Philadelphus — Close-up of single philadelphus flower showing purple centre stain
Close-up of single philadelphus flower showing purple centre stain
summer

Philadelphus

Belle Étoile

Seasonsummer
ScentRich, honeyed, orange-blossom sweetness — warm, carrying, and unmistakably June
Vase life7-14 days
Colour

The scent of summer itself. You can't buy it from a florist, which makes it one of the most generous things a gardener can give.

— ROSIE

Rosie's Take

If you could bottle June, it would smell like philadelphus. There is something about mock orange blossom that is so perfectly, achingly summery that it almost hurts — that rich, honeyed, orange-blossom sweetness carrying across the garden on a warm evening. 'Belle Étoile' is the one I come back to.
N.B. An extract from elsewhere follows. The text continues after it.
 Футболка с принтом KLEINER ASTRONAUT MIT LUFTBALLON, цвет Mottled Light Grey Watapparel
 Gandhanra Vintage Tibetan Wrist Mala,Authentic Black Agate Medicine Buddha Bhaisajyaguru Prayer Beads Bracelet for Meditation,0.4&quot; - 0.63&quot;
Each flower is white with a faint rosy-purple stain at the centre, like a blush, and the fragrance is the strongest of any variety I've grown.

It's a big, generous shrub — mine is about eight feet tall now and in June it's smothered in flowers. Not dainty. Not restrained. Absolutely covered. The branches arch under the weight of bloom and the whole thing has a slightly dishevelled, abundant quality that I find completely irresistible.
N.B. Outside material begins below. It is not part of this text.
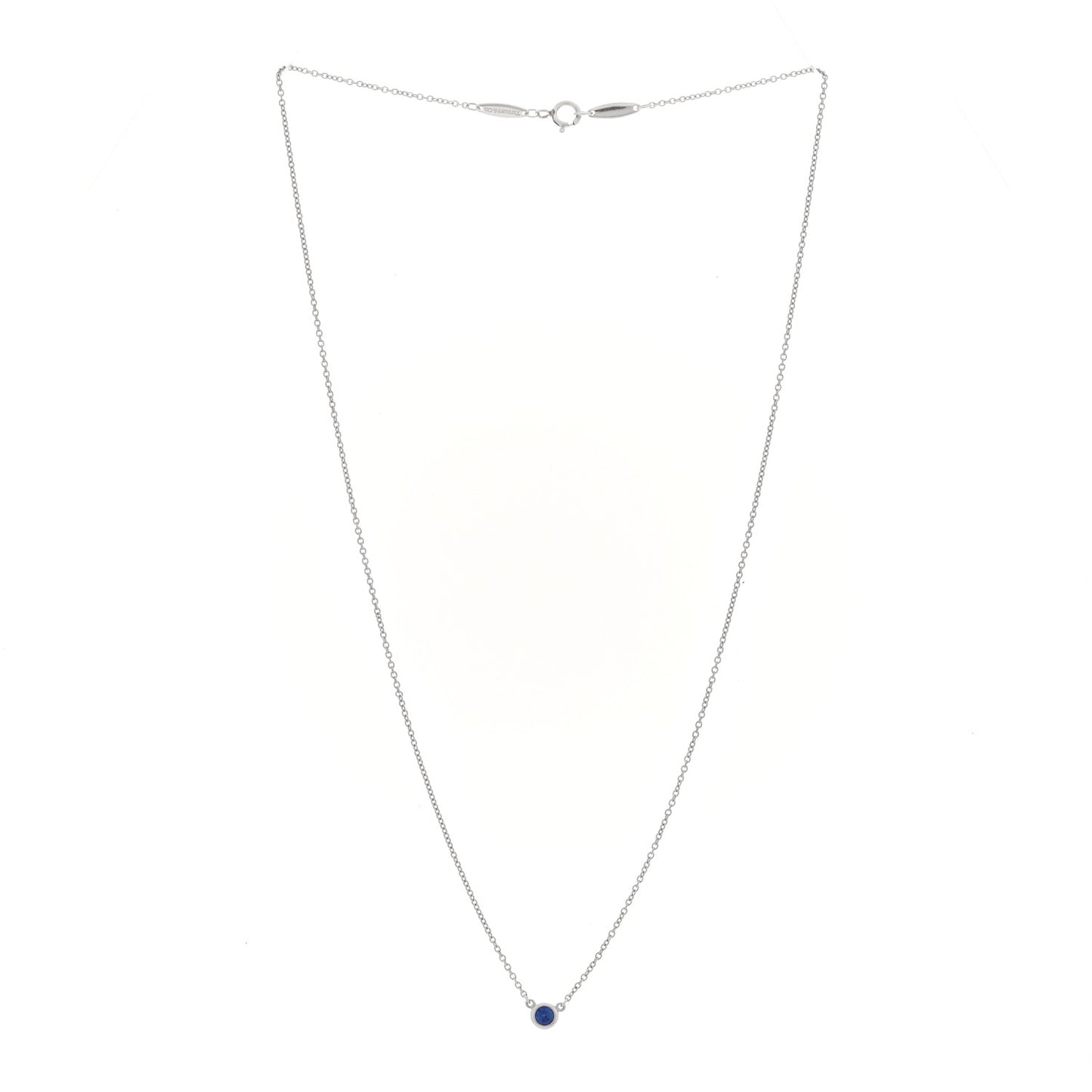 Platinum Blue Sapphire .11ct Elsa Peretti Color by the Yard Necklace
As a cut flower, philadelphus is criminally underused. A few branches in a large jug will scent an entire room — properly scent it, not just a hint but a wall of warm, sweet perfume every time you walk through the door. The flowers shatter after a few days, dropping white petals everywhere like confetti, which I consider a feature rather than a problem.

You can't buy it from a florist, which is part of its charm. This is a garden flower, a borrowed-from-a-friend's-garden flower, a lean-over-the-fence-and-ask-for-a-cutting flower. And when someone gives you a branch of philadelphus from their garden, you know they're giving you something real.

From the folklore cabinet

The name 'philadelphus' means 'brotherly love' in Greek, which is also how the city of Philadelphia got its name. The common name 'mock orange' comes from the scent, which genuinely does resemble orange blossom — close enough that it was historically used to adulterate neroli oil. 'Belle Étoile' was bred by the Lemoine nursery in Nancy, France, in the early twentieth century. The Lemoines were legends of plant breeding — they also gave us most of our best lilac varieties.